I just wondered if a specific example is available that shows where the order of evaluation matters or could cause a problem based on the UNSPECIFIED behavior when only one TYPE of operator (# only, or ## only) is used in a macro, but the one operator may be used MORE THAN ONCE in the same macro.

If there is no such issue, could rule 19.12 be updated to:
\"Both # and ## operators shall not be used in the same macro definition.\"


- misra-c - 27-04-2006

The standard allows and experience has shown that this behaviour can vary between compilers, and within the same compiler dependent on context.

Your example shows that the result can depend of the order of evaluation which is unspecifed.


- rmgalles - 27-04-2006

I agree with the statement:
Quote:result can depend o[n] the order of evaluation which is unspecifed

... when both the # and the ## operator are in the same macro. However, can someone provide an example when only one of the operators (only #, or only ##) are used more than once in a single macro definition?

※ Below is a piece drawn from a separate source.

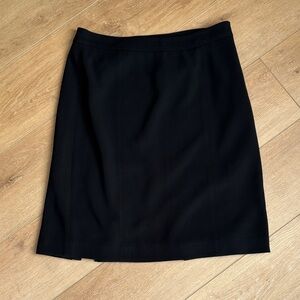 Ann Taylor Black Women's Pencil Skirt, Lined. Size 8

My recommendation is to use the following wording:
Quote:Rule 19.12 (req): The # and ## operators shall not be used together in the same macro definition.

Can someone comment on why the original wording would be preferred to this alternative? My second example doesn't have any issues with operator evaluation order that I can identify, yet it violates the original wording. With the updated wording, it would be okay, while the first example is still a violation -- as it should be, since it does have an issue with order of evaluation.


Re: Rule 19.12 (# and ## operator) real issue? - misra-c - 12-03-2009

If the macro

Code:
#define m (a,b) a##3##b

is invoked as

Code:
m ( PRE, SUF ) = 0;

then the order of evaluation is important. The result of the ## operator
must be a valid preprocessing token.

Left-to-right evaluation gives 'PRE3' followed by 'PRE3SUF'.

However, the first expansion from right-to-left evaluation is 3SUF, which is
not a valid preprocessing token.


Re: Rule 19.12 (# and ## operator) real issue? - dcrocker - 23-03-2011

According to my reading of the standard, 3SUF is indeed a valid preprocessing token - it is a pp-number.


Re: Rule 19.12 (# and ## operator) real issue? - misra-c - 31-03-2011

Apologies, 3SUF is indeed a pp-number and therefore a valid preprocessing token. A correct example would have been

Code:
#define m (a,b) a##.##b

as this would have resulted in .SUF which is not a single preprocessing token but the two tokens . and SUF respectively.


Re: Rule 19.12 (# and ## operator) real issue? - misra-c - 01-04-2011

The previous response gives two preprocessing tokens regardless of order of evaluation of ## operators.

A better example would be:

Code:
#define m(a,b) a##.##b

m(1,e30)

which is defined on a left-to-right evaluation but undefined on right-to-left because .e30 is two preprocessing tokens.